§ Directions for this task:
The output is the lines below from the one with "Amistad 72‑Inch Walnut" through the one with "5' X 8' Navy", both included, printed exactly and with no other line.

►

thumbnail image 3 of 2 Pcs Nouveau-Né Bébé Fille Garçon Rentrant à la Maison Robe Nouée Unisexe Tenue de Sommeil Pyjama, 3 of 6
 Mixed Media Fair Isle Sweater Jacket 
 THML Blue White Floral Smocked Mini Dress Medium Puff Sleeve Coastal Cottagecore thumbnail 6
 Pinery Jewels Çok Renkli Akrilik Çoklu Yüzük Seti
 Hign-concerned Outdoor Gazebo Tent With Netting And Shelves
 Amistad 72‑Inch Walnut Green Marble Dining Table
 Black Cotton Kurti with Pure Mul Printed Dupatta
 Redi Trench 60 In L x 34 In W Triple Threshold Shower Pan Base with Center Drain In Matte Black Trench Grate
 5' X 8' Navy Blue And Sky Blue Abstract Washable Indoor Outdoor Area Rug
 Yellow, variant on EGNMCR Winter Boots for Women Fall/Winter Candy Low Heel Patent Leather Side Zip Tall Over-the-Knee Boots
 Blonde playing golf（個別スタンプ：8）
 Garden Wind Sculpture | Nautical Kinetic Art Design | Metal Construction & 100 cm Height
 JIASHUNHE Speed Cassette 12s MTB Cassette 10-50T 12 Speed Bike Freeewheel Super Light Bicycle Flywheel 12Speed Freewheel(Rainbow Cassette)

◄

§ Reply:
 Amistad 72‑Inch Walnut Green Marble Dining Table
 Black Cotton Kurti with Pure Mul Printed Dupatta
 Redi Trench 60 In L x 34 In W Triple Threshold Shower Pan Base with Center Drain In Matte Black Trench Grate
 5' X 8' Navy Blue And Sky Blue Abstract Washable Indoor Outdoor Area Rug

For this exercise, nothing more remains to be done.